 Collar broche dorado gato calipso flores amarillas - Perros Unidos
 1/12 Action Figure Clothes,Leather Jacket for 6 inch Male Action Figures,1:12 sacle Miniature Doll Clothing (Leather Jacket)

==

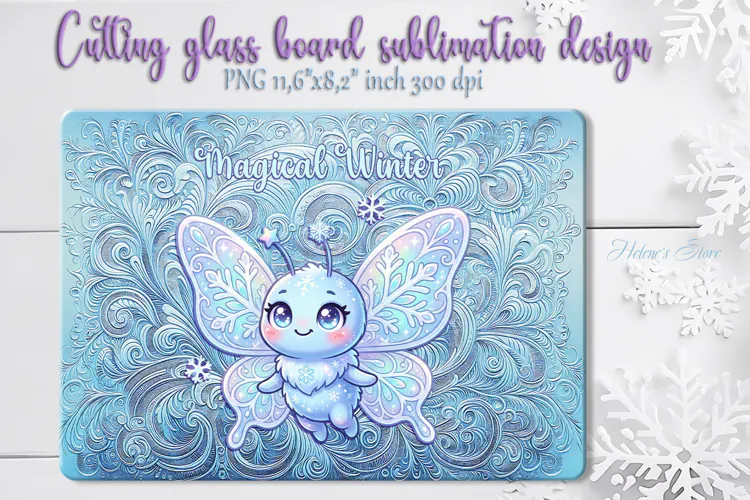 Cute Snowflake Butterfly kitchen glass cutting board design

==

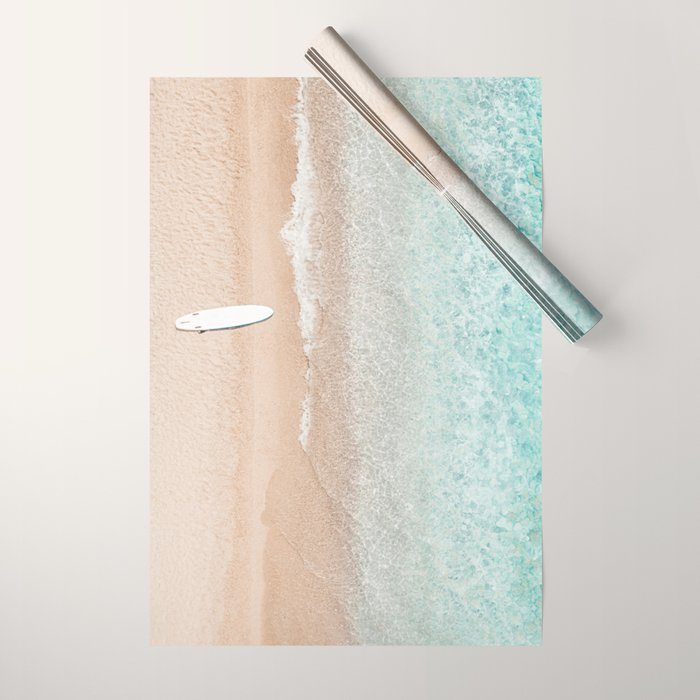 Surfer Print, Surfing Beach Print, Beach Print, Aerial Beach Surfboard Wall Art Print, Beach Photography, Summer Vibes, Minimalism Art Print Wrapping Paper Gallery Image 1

_Exercise requirements_. In the listing above, find the line with "Collar broche dorado" and the line with "1/12 Action Figure"; output exactly those lines and all lines between them.

_Answer to the problem_.
 Collar broche dorado gato calipso flores amarillas - Perros Unidos
 1/12 Action Figure Clothes,Leather Jacket for 6 inch Male Action Figures,1:12 sacle Miniature Doll Clothing (Leather Jacket)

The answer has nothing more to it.